Thanks to lenders using technology, loan turn-around time has been cut drastically. Lenders are using alternate data sources to underwrite loans faster, reduce documentation, do away with Contact Point Verification and use surrogates for income and address.

You can fill an application online, complete E-KYC process, scan and submit your documents. If you have an existing account in the bank, the process is even faster; many banks can approve certain loans and up to certain limits, in under an hour. Business loans, too, are given out faster — LendingKart uses a 100 per cent online loan application process and disbursal happens within 72 hours.

Lending platforms that let you compare different loan choices also help borrowers.
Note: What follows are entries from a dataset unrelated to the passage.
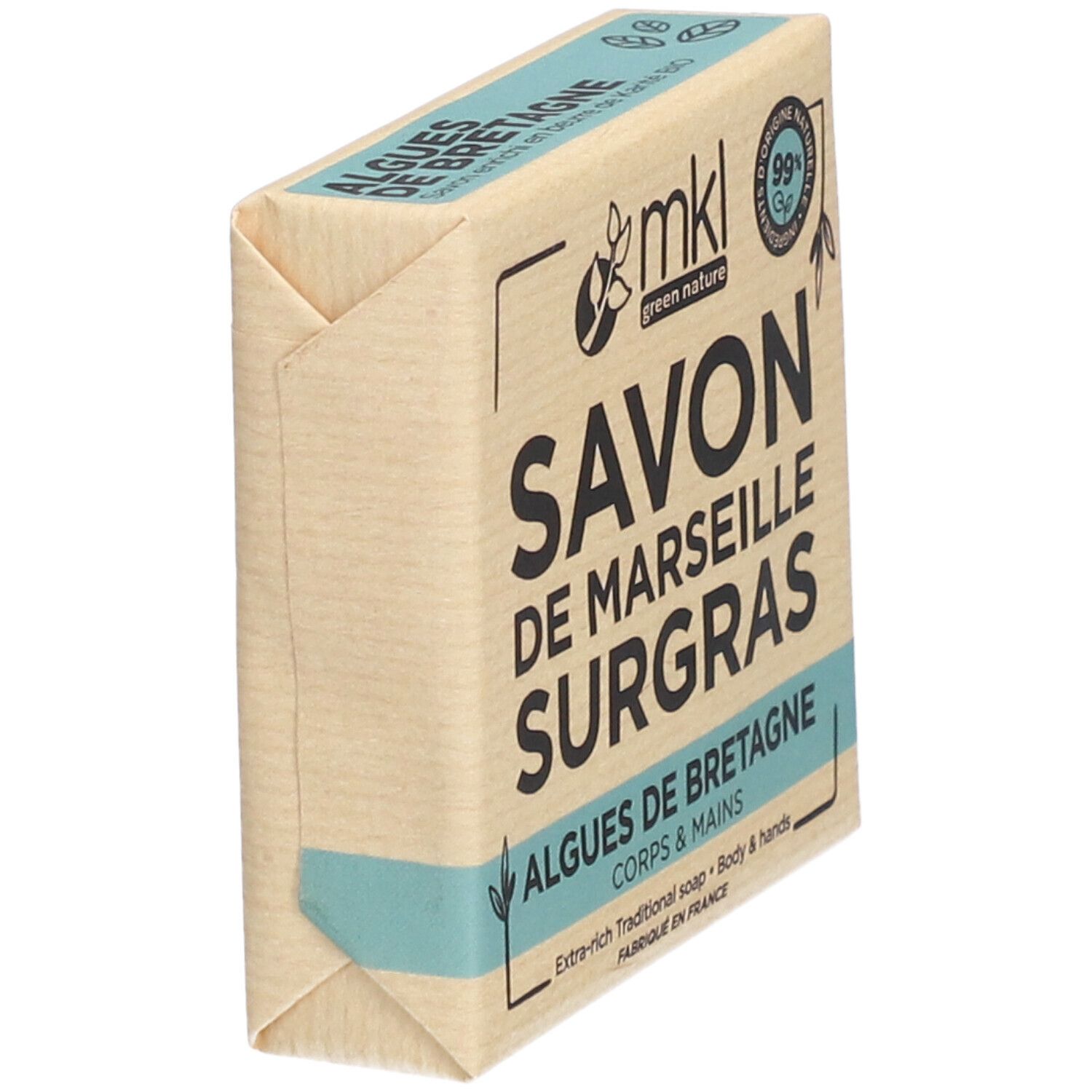 Savon en biais emballé. Inscription: Savon de Marseille Surgras, Algues de Bretagne. Marque: mkl.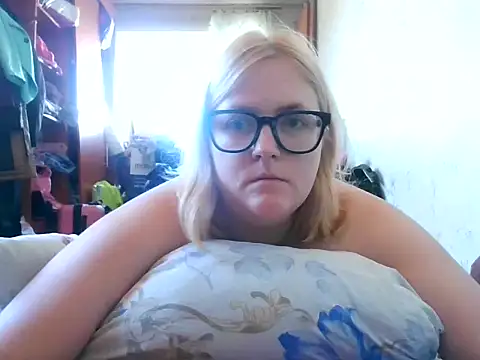 Snapshot of DesireMelissa chatting on 1, 10, 2025 DesireMelissa online show from 1, 10, 2025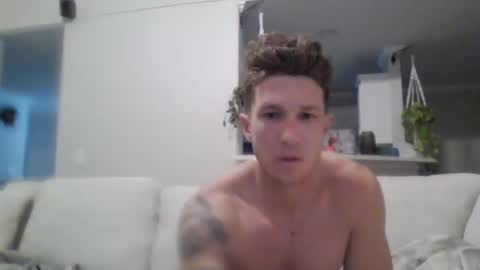 Snapshot of trash_man1989 chatting on January 2025 12:02:01 AM trash_man1989 online show from January 2025 12:02:01 AM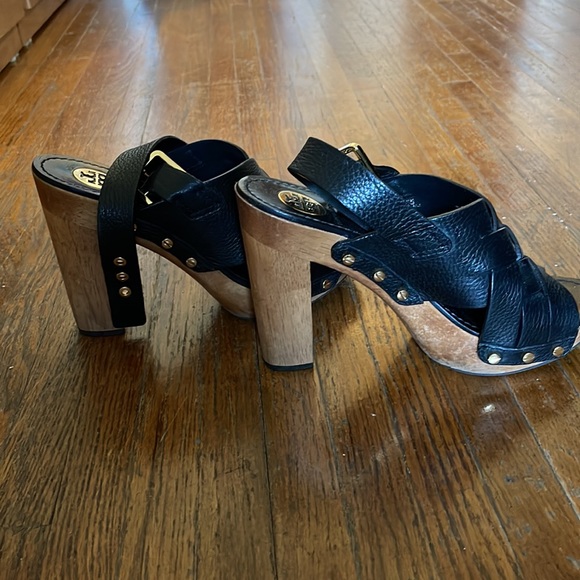 Tory Burch Sandal - Picture 3 of 5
For one, search time is reduced and you can evaluate multiple options at one go. Also, platforms such as Rubique do a profile match between the borrower and the lender’s criteria. This helps lower the rejection rates.

There are also efforts to better understand the needs of the borrower and offer loans based on their life-cycle needs. For example, a rural borrower may be given a loan to buy cattle. This may be followed by a two-wheeler loan to take the milk to the local chilling unit. The next steps may be to offer loans to set up a chiller unit and then a commercial vehicle to transport from there to a regional centre.

Borrower checklist

While more loan choices, faster processing and flexible terms seem good, borrowers have to do their homework.

One, you must check on loan terms such as prepayment penalty. You must also calculate the total loan cost, including processing fees, when weighing options. Two, make payments on time and maintain a high credit score to avail the best terms. Three, knowing the documents needed for different types of loan can help. For instance, a doctor’s certificate giving details of the procedure needed and indicative cost may be required for a medical loan. Four, ensure you will have enough cash to pay your monthly dues. A simple rule of thumb used by lenders is that if the total EMI payments are over 40 per cent of your monthly net income, your loan may be rejected.